American horror film series

The X film series consists of American horror films based on an original story written by Ti West. The series includes the original film X (2022), its prequel Pearl (2022), and its sequel MaXXXine (2024). The overall plot of the movies centers on two characters, Maxine Minx and Pearl, both portrayed by Mia Goth.

The first film was met with critical acclaim, and was a success at the box office. A tribute to slasher films of the past, the picture was deemed a horror film classic and impactful, anticipating its influence on the future of the genre. Pearl was also critically acclaimed, with some stating that it inadvertently improved the premise of the previous installment, and was also a success at the box office.

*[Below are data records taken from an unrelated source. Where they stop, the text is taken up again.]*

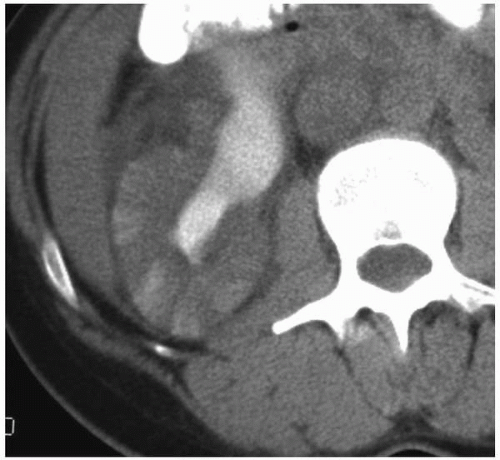 glomerulonephritis ultrasound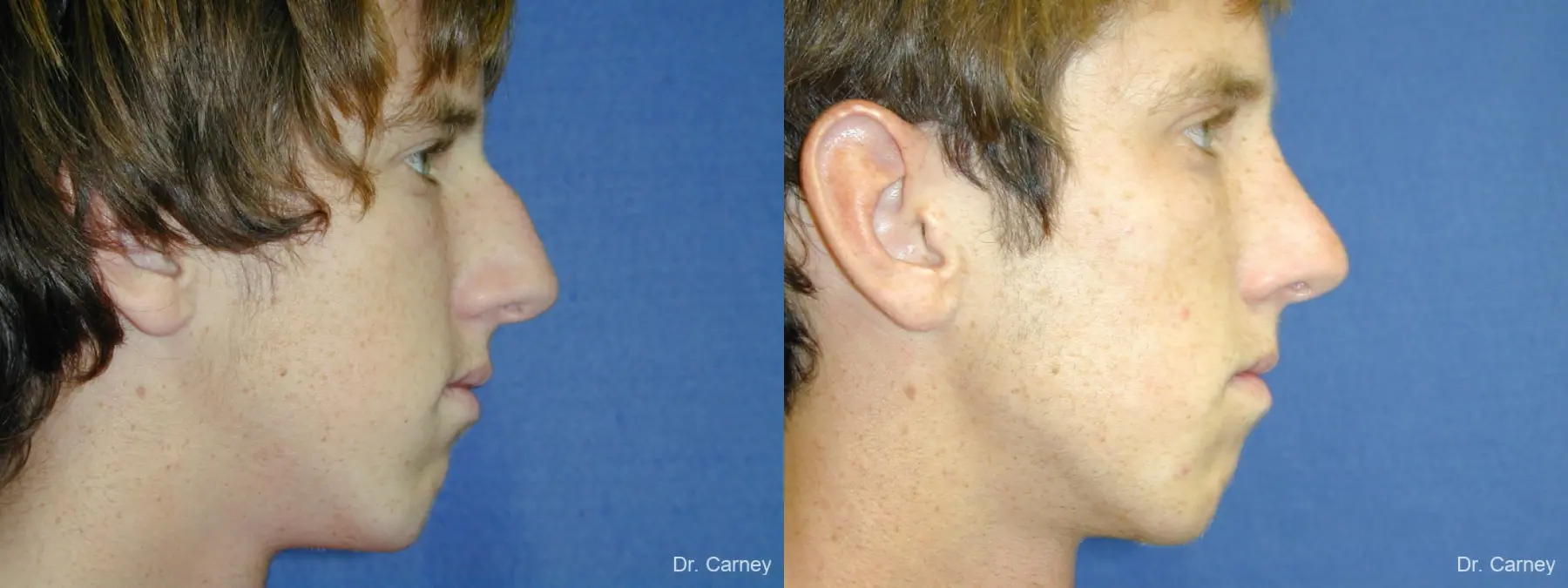 Virginia Beach Rhinoplasty 1219 - Before and After 1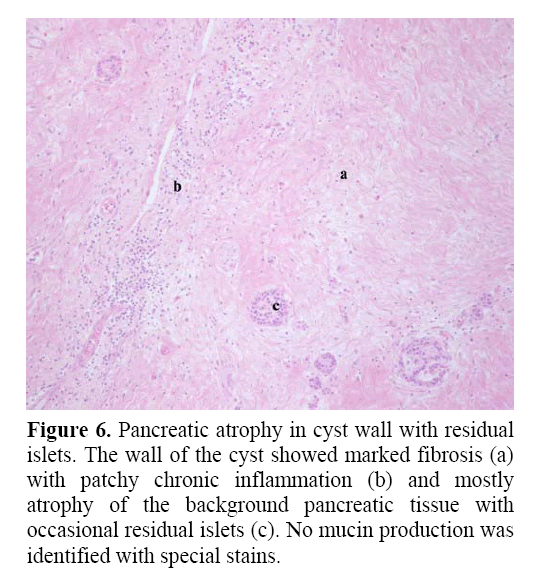 pancreas-occasional-residual-islets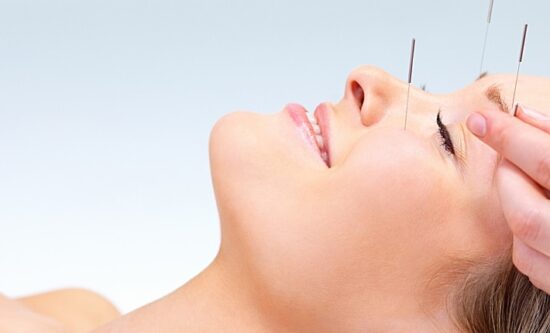 Acupuncture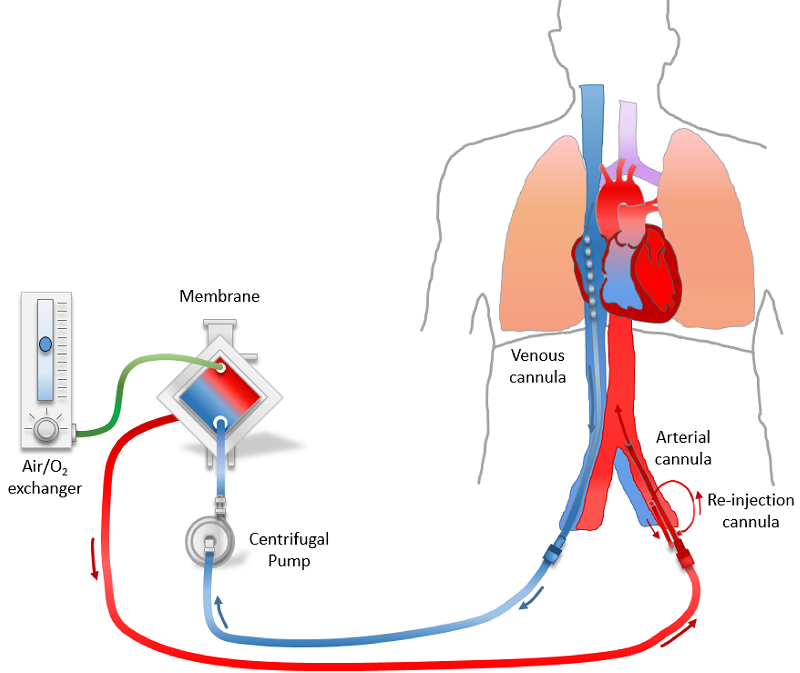 Máy tim phổi nhân tạo được sử dụng trong tuần hoàn ngoài cơ thể để làm gì?
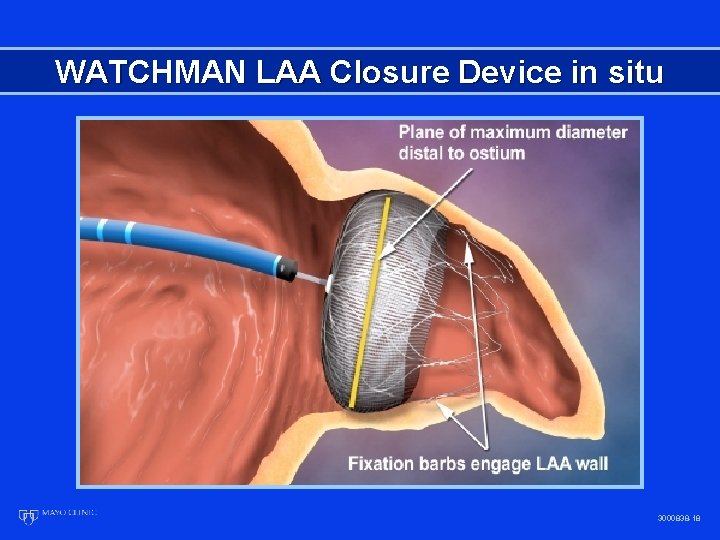 WATCHMAN LAA Closure Device in situ 3000838 -18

MaXXXine was released on July 5, 2024. It received generally favorable reviews from critics and became the highest grossing film in the series.

== Films ==

| Film | U.S. release date | Director | Screenwriter(s) | Producers |
| X | March 18, 2022 | Ti West | Ti West | Ti West, Kevin Turen, Jacob Jaffke & Harrison Kreiss |
| Pearl | September 16, 2022 | Ti West & Mia Goth |
| MaXXXine | July 5, 2024 | Ti West | Ti West, Mia Goth, Kevin Turen, Jacob Jaffke & Harrison Kreiss |

Timeline
| 1918 | Pearl |
1919–1978
| 1979 | X |
1980–1984
| 1985 | MaXXXine |

===X (2022) ===

In 1979 America, a team of amateur filmmakers are determined to create a new experience in cinema with an exploration in the adult film industry. Burlesque show owner and developer Wayne Gilroy decides that he will produce the project under his own conception, and hires a young and inexperienced director, RJ Nichols, whose reserved girlfriend Lorraine Day assists with the technical needs during the photography. Wayne's younger girlfriend, aspiring actress Maxine Minx, stars in the production, alongside pornographic stars Bobby-Lynne Parker and Jackson Hole. While on the road trip to rural Texas the group have their differences, but ultimately put these aside as Wayne believes that they will attain riches and fame with this project's innovation.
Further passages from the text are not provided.